**Work instructions:** All records below must be written out exactly, with the pictures excluded.

##### Data for processing

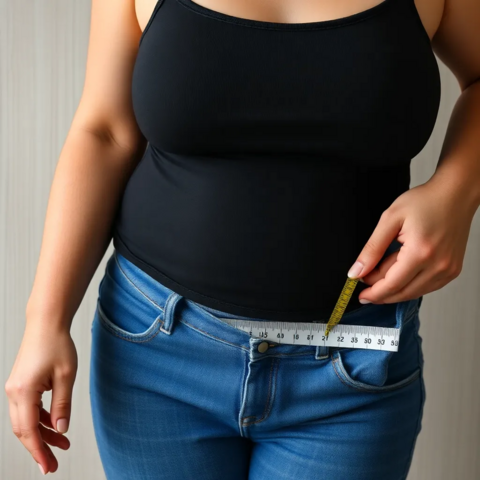 Как кушать и терять вес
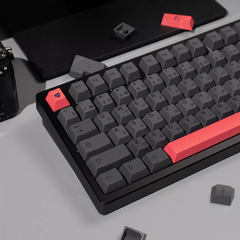 Keycap CMK PBT Starry Black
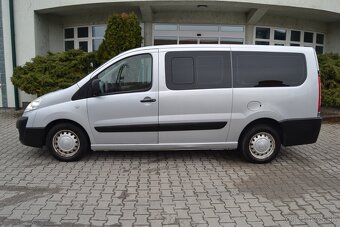 FIAT SCUDO 2.0 HDI, 9-MIESTNE - 7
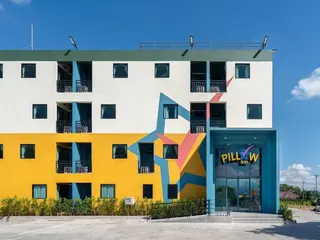 Pillow Inn Phayao 5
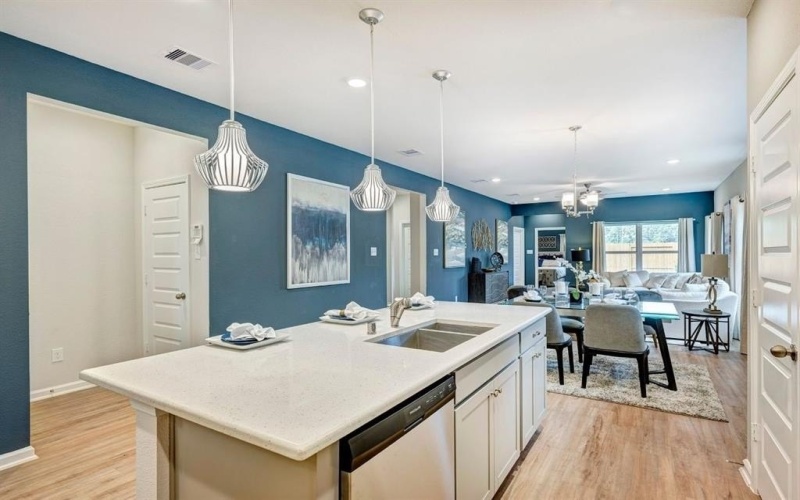 4328 Valley Brook Drive, Crowley, TX 76036, 4 Bedrooms Bedrooms, ,2 BathroomsBathrooms,Residential,For Sale,4328 Valley Brook Drive,0,21168427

##########

**Response area:**
 Как кушать и терять вес
 Keycap CMK PBT Starry Black
 FIAT SCUDO 2.0 HDI, 9-MIESTNE - 7
 Pillow Inn Phayao 5
 4328 Valley Brook Drive, Crowley, TX 76036, 4 Bedrooms Bedrooms, ,2 BathroomsBathrooms,Residential,For Sale,4328 Valley Brook Drive,0,21168427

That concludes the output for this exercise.